A blockchain lending firm has seen the value of total loans funded surge to $1 billion since the United States Federal Reserve appear its emergency stimulus interest rate cut last week.

In an announcement on March 10, Figure Technologies — which claims to exist the industry'south first fintech to bring lending to the blockchain — said loan applications with the firm had soared by 300% since the Fed'southward activity.

Unprecedented depression involvement rates

Since its launch in 2022, Figure Technologies has used its blockchain, Provenance, to process consumer loans; one twelvemonth on, the business firm claims it was originating $85 one thousand thousand of loans per calendar month for itself and other major lenders.

In Dec 2022, information technology went on to seal over $100 one thousand thousand in a Series C funding circular led by Morgan Creek Digital, with participation from Mitsubishi UFJ Fiscal Group'due south venture capital arm, MUFG Innovation Partners.

Amongst its blockchain-based lending solutions, Effigy Technologies bug v-infinitesimal home disinterestedness lines of credit (HELOCs), in which the borrower uses his or her house as collateral for the loan.

Mike Cagney, the firm'due south co-founder and CEO, says the platform being congenital on the Provenance blockchain was crucial to back up the growth and innovation of such lending products. Every bit cardinal banks worldwide motility to lower rates in a bid to kickoff the economic impact of coronavirus, Cagney said:

"The 300 percent increment in applications suggests consumers are eager to take advantage of unprecedented lower rates across mortgages, HELOCs and student loan refinancing."

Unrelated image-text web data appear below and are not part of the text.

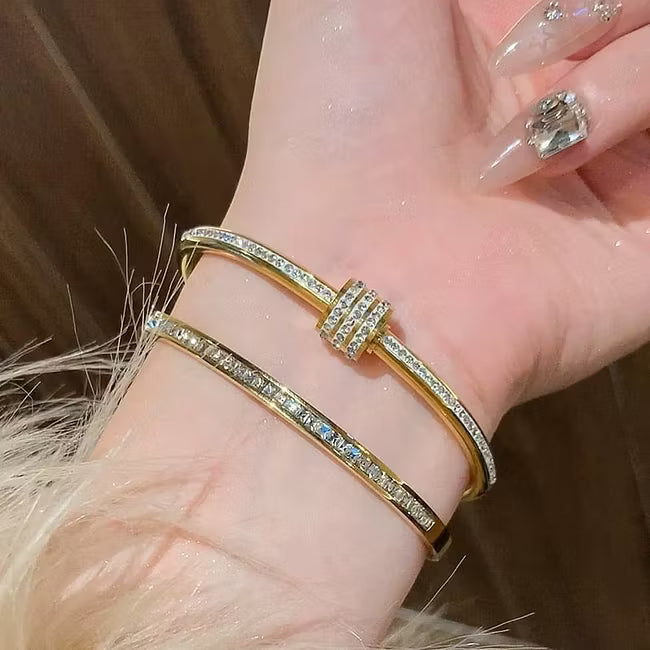 Velora™ - The Prestige Bracelet Collection - KE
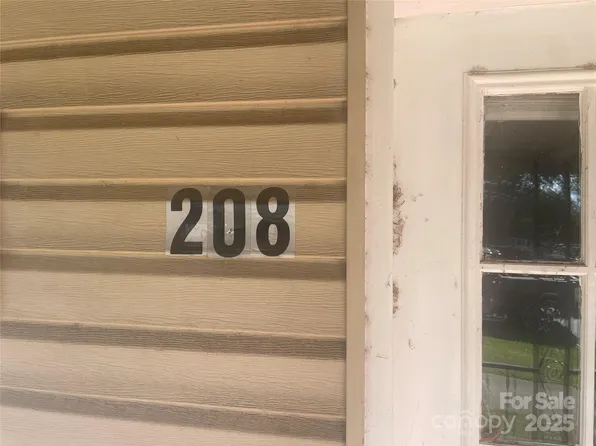 208 W Virginia Ave, Bessemer City, NC 28016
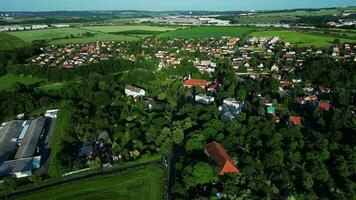 antenne visie van een dorp met kasteel en groen bomen video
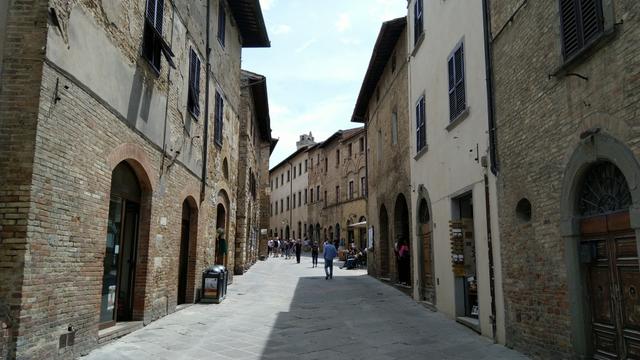 im Jahre 2016 sind wir von der Schweiz gestartet, und heute stehen wir in San Gimignano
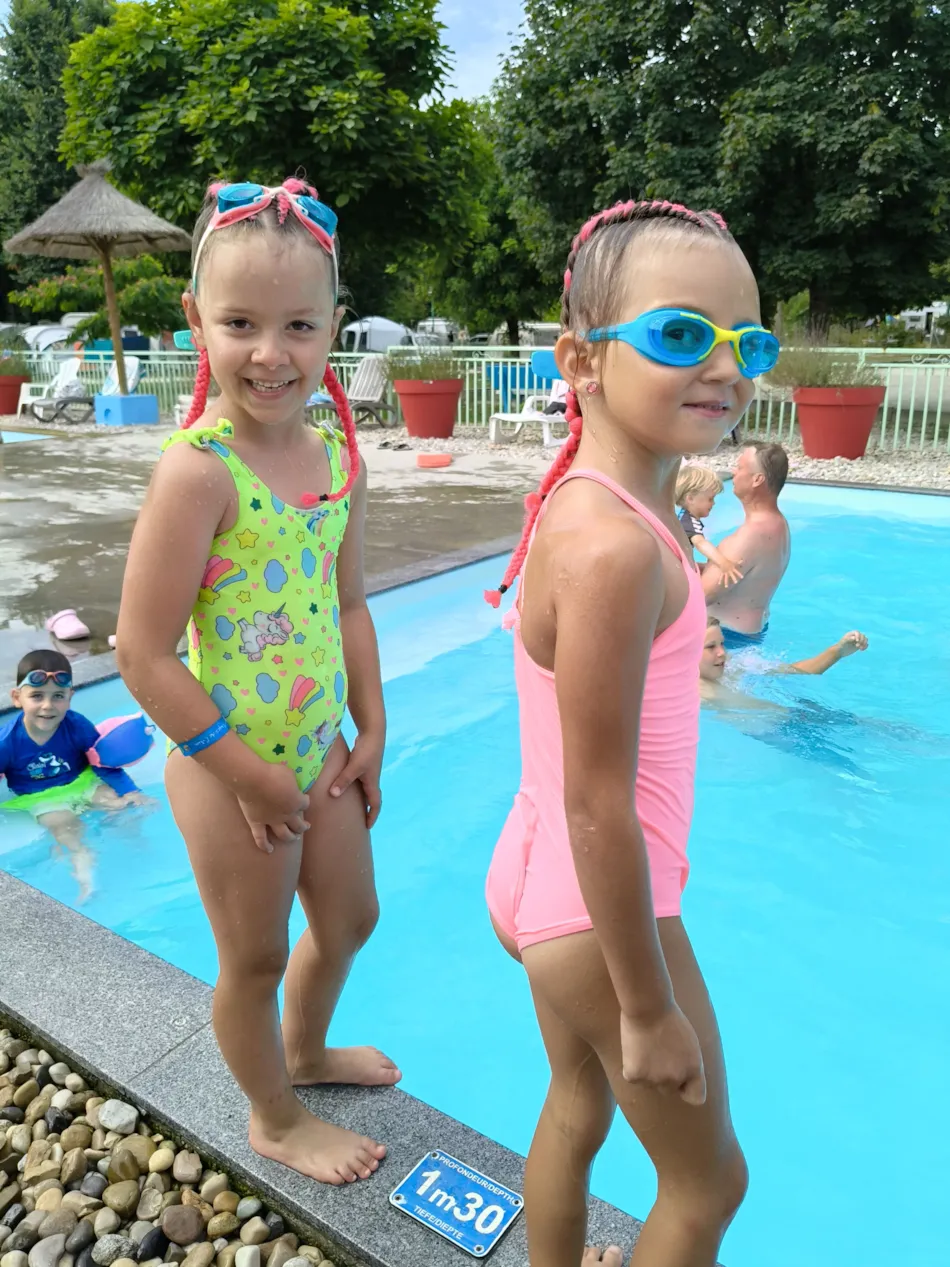 Flower Camping Les Plages de l'Ain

The firm has indicated that the boilerplate size of loans issued in the recent lending surge was roughly $50,000 per household.

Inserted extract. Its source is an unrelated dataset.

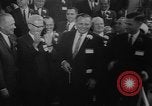 Immagine di Display ufficiale delle merci Oregon United States USA, 1962, secondo 31 filmato di repertorio 65675055840
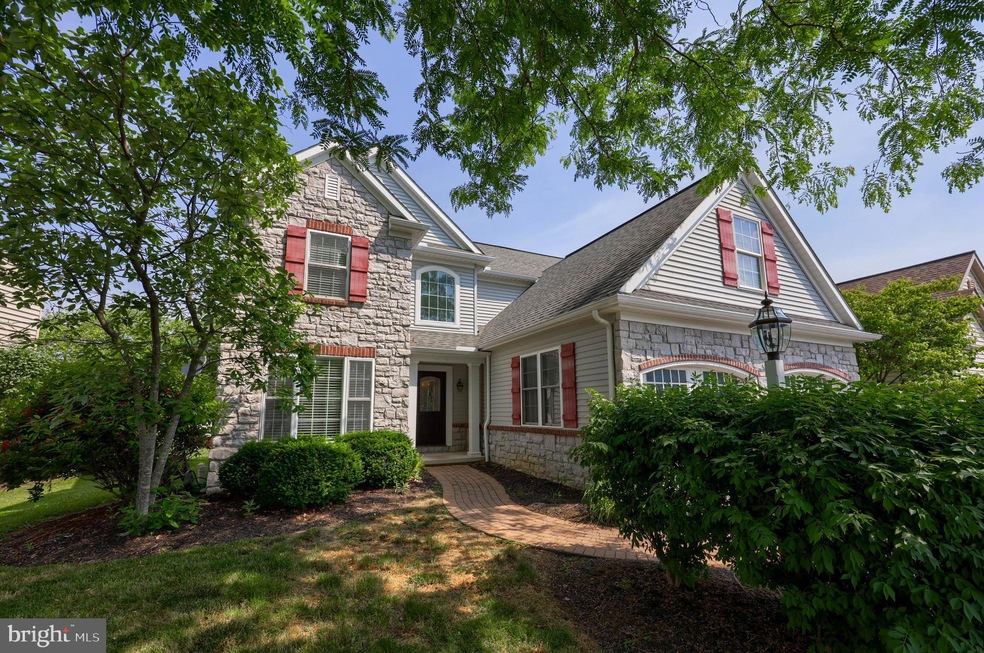 1309 Heatherwood Dr, Mount Joy, PA 17552 - photo 1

Cagney has said that new blockchain-based solutions will be rolled out tied to these lower rates "in the near future."

Market SOS

Every bit reported earlier today, the Bank of England (BoE) has cutting interest rates by 0.v% —  the virtually since 2009 — in direct response to economic force per unit area posed by the coronavirus outbreak.

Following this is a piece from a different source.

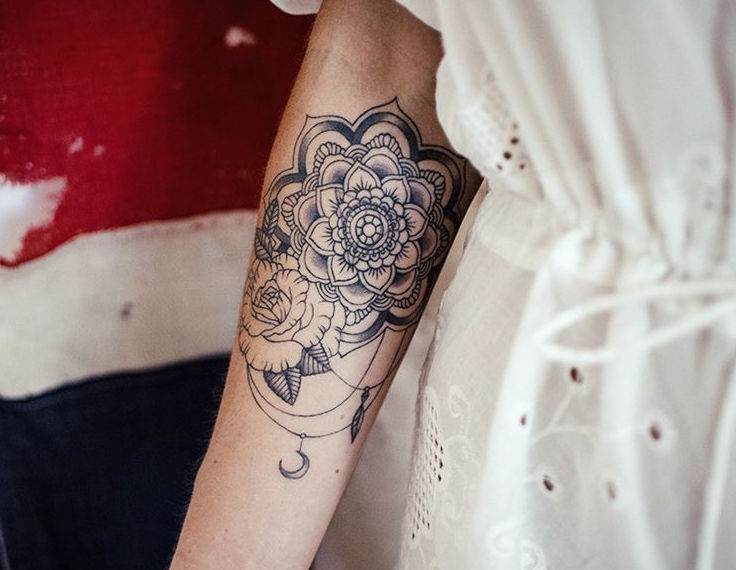 tatouage mandala rose tatouage avant bras femme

With traditional markets floundering amid the health crisis, Bitcoin (BTC) as well has faced losses. One commentator, the creator of Bollinger Bands trading indicator, John Bollinger, remarked:

"Bitcoin roughshod victim to the COVID-nineteen panic. I truly did not see that coming, I idea information technology might act as a condom haven asset."

Safety-haven status, he added, remains "entirely psychological" — "a matter of perception, non fact."